**WORK ORDER**
Below is a listing with pictures in it; transcribe exactly the lines from the one that has "Della Dama Vicino Apartman Rapallo" through the one that has "Audi Q5 view 11", and omit those pictures.

**RECORDS PROVIDED**

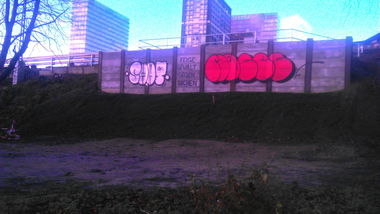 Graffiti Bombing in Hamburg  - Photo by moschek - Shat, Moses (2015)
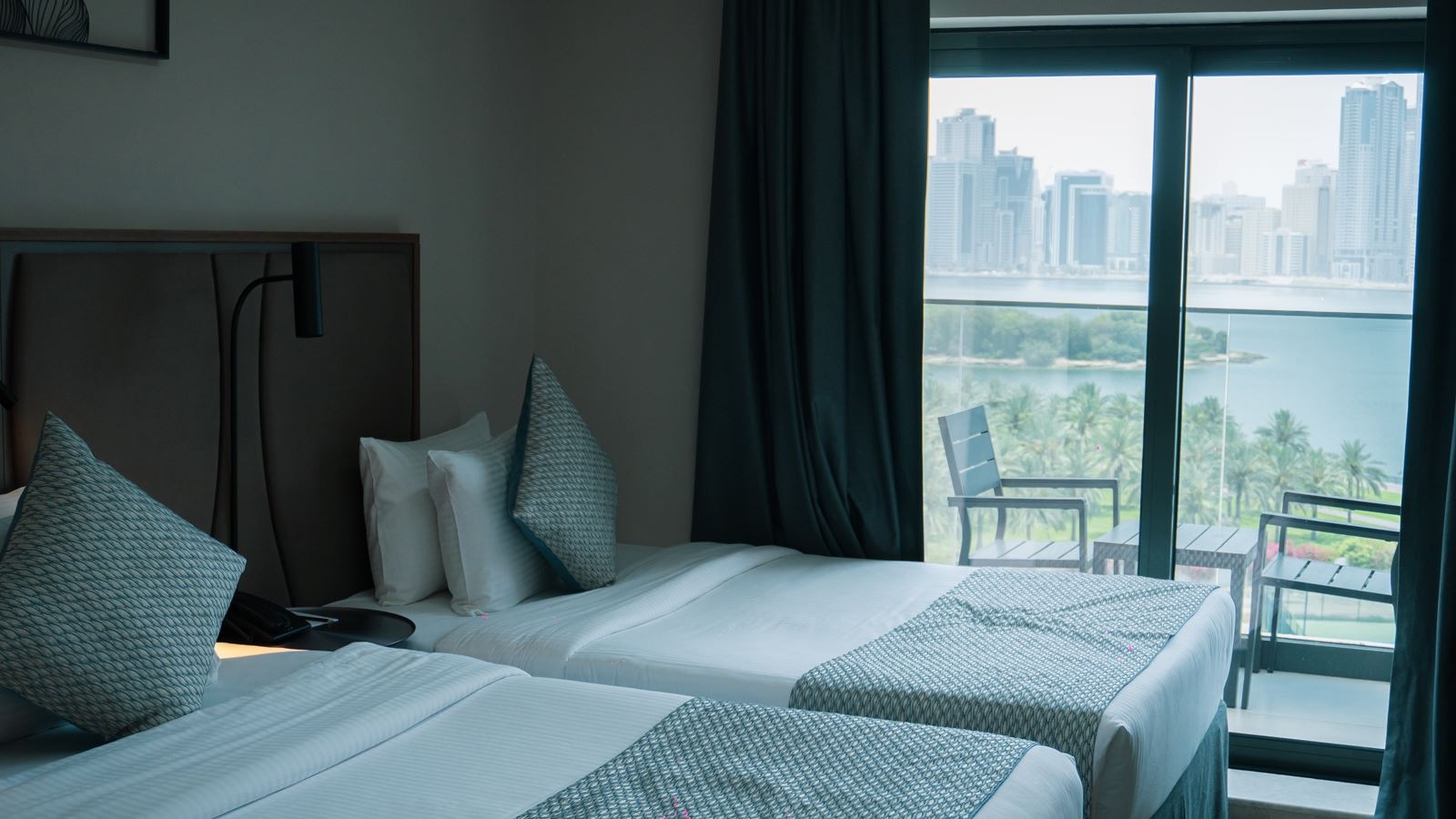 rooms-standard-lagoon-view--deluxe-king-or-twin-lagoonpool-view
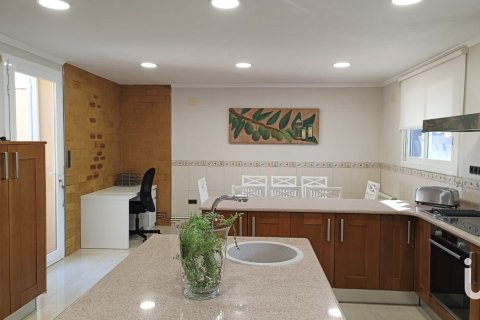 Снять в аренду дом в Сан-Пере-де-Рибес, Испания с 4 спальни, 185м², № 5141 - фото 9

==

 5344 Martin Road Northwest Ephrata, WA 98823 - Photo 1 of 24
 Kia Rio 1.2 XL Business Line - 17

* * *

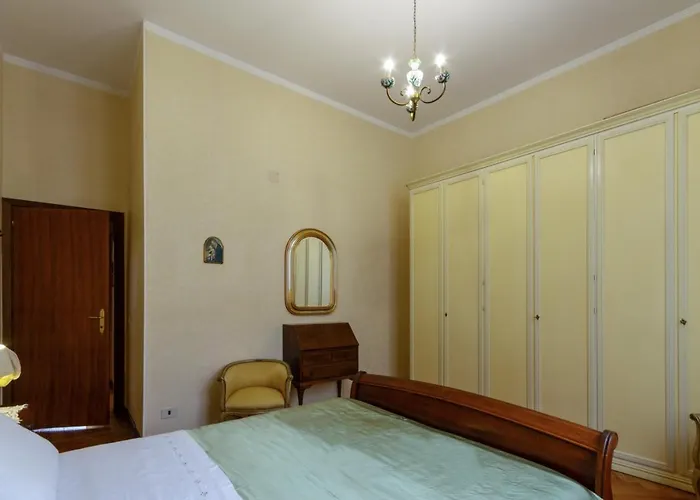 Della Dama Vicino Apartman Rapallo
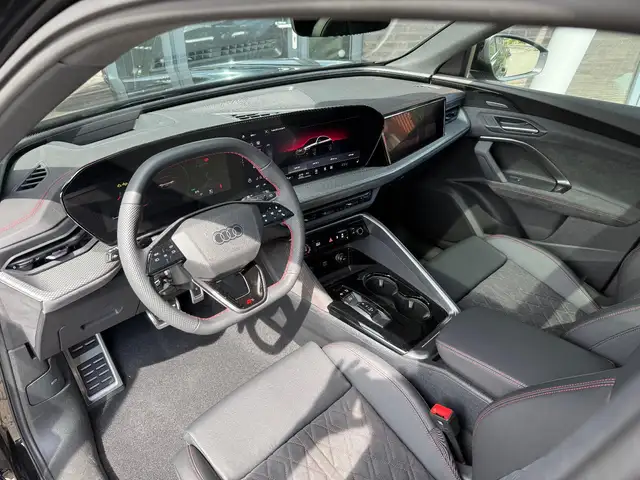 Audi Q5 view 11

**RESULT FOR THIS TASK**
 Della Dama Vicino Apartman Rapallo
 Audi Q5 view 11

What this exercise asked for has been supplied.